After Poniatowski's death in 1798, his collection at the Lazienki Palace was formally succeeded by the nephew, Józef Poniatowski, and later by the latter's sister Maria Teresa, who sold the palace in 1817 to Tsar Alexander I, effectively making The Stolen Kiss part of the Russian imperial collection. The painting remained in the Lazienki Palace until 1895, when it was transferred to the Hermitage following a report from the imperial collection curator Andrei Somov, who recommended The Stolen Kiss, with four other paintings from Stanisław August's collection, to be present in the Hermitage on conservation and accessibility concerns.
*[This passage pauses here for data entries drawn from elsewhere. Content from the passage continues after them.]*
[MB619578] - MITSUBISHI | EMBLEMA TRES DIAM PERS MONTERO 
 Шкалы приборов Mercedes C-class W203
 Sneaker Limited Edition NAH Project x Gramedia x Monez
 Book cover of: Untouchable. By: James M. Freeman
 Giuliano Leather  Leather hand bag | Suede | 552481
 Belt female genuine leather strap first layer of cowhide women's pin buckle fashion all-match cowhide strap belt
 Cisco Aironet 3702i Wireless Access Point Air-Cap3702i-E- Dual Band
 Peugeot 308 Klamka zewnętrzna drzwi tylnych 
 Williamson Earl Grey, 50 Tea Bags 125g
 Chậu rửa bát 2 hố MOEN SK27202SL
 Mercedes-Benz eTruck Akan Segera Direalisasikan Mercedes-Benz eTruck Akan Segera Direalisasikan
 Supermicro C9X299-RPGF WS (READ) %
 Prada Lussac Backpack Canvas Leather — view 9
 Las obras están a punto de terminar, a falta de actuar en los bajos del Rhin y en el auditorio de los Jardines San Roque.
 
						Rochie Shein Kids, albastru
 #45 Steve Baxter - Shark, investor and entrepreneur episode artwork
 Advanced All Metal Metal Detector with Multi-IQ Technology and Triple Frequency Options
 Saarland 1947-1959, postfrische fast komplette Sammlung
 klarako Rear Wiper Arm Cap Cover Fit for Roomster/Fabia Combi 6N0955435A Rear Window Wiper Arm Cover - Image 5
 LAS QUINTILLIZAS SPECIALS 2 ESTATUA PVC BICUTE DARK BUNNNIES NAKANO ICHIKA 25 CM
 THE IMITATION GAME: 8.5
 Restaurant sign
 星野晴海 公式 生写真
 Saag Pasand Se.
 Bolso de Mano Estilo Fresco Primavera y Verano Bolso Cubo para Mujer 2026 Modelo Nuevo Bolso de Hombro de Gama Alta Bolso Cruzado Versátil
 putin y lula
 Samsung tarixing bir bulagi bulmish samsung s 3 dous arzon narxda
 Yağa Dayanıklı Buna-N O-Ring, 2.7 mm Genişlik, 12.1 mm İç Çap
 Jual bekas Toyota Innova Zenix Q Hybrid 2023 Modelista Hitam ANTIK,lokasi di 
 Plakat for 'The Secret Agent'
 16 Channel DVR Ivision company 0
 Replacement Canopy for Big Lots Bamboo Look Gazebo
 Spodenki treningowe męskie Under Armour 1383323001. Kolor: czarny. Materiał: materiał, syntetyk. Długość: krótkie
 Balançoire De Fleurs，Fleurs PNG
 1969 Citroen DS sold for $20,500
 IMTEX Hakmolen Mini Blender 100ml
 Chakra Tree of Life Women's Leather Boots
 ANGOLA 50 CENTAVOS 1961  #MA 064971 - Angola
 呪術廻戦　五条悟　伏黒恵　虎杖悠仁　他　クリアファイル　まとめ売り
After regaining independence in 1918 first, the Polish government made diplomatic efforts to recover the painting. In the light of international law and arrangements with the authorities of the Soviet Union, the painting was viewed as a national treasure and, therefore, a subject to legal restitution. However, the Soviet authorities refused to release the painting, retaining it in the Hermitage collection, and arbitrarily compensated it (among with several others valuable paintings) with several works of lesser value. In 1922, The Stolen Kiss was specifically compensated with the smaller Polish Woman (now in the National Museum in Warsaw), historically attributed to Jean-Antoine Watteau, originally purchased into the Russian imperial collection in 1772 as part of the Crozat collection.

==Painting==
The painting depicts a kiss between two lovers, showing a young lady in cream-coloured silk gown who appears to have left her company for a secret meeting with a young man. The composition is diagonal, made up by an axis composed through her leaning figure, the shawl and the balcony door opening from the outside, ending with the table the shawl is draped over. The painting offers an array of compositional contrasts between colours and shadows: the spatial intersections are complex.

Jean-Honoré Fragonard's works display the kind of eroticism and voluptuousness and the liking for romantic folly that was popular before the French Revolution among French aristocrats. Fragonard includes scenes of voyeurism in his paintings. This scene is depicting the stolen kiss in lavish surroundings, containing luxurious details of textures, silks and lace, like the rug with flower pattern, silk draperies, her shawl on the chair, the elegantly clad ladies that are visible through the open door. The dominant French culture influenced how Fragonard chose his themes, that were mostly erotic or love scenes, painted for Louis XV's pleasure-loving court's enjoyment.